• Prompt: Take the entries below and print only the lines from the one with "Travel Duffel Bag" through the one with "Starfish, Set of 4", exactly as they stand, both ends included.

• Data for review:
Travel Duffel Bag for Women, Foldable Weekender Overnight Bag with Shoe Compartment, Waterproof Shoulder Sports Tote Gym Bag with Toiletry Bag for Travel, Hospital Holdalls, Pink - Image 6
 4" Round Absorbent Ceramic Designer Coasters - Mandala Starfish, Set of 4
--
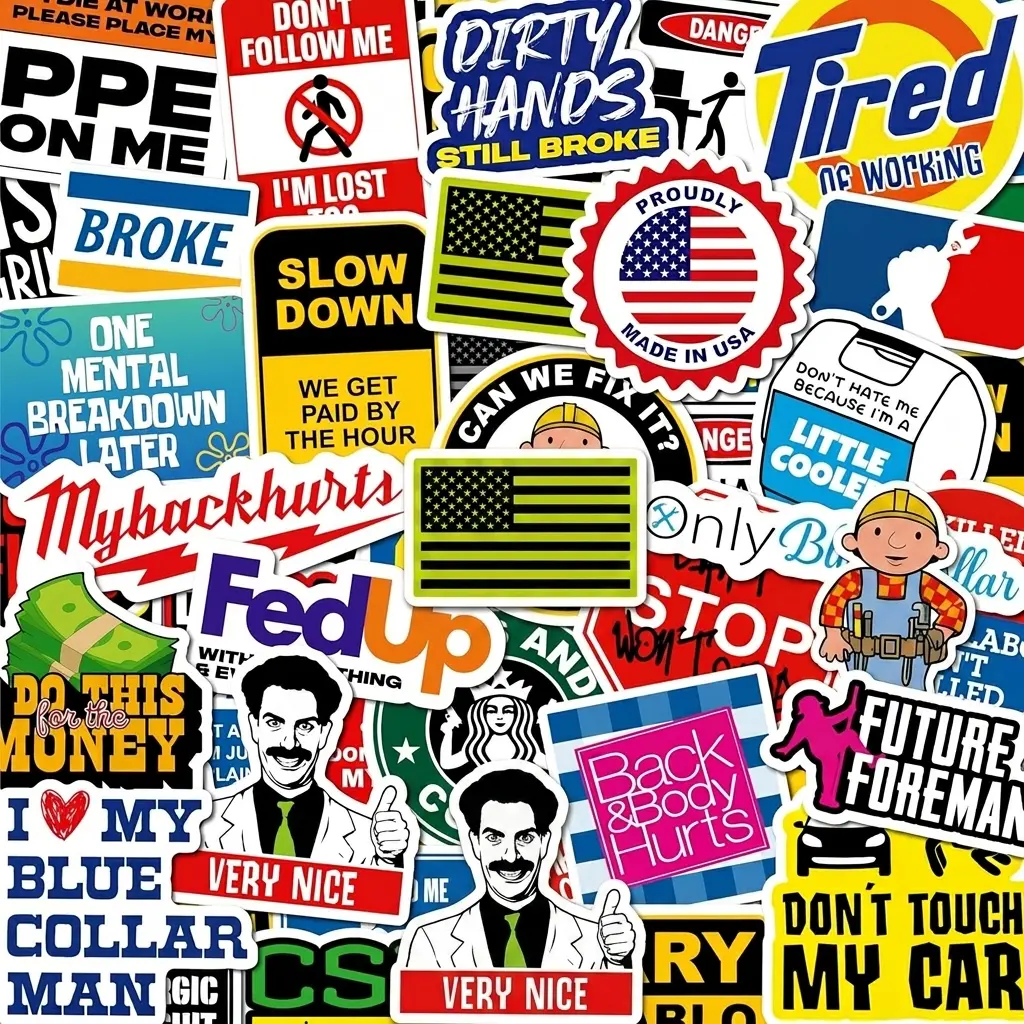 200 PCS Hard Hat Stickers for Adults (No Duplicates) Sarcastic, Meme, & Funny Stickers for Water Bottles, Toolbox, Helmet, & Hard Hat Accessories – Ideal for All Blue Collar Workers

• Answer area:
Travel Duffel Bag for Women, Foldable Weekender Overnight Bag with Shoe Compartment, Waterproof Shoulder Sports Tote Gym Bag with Toiletry Bag for Travel, Hospital Holdalls, Pink - Image 6
 4" Round Absorbent Ceramic Designer Coasters - Mandala Starfish, Set of 4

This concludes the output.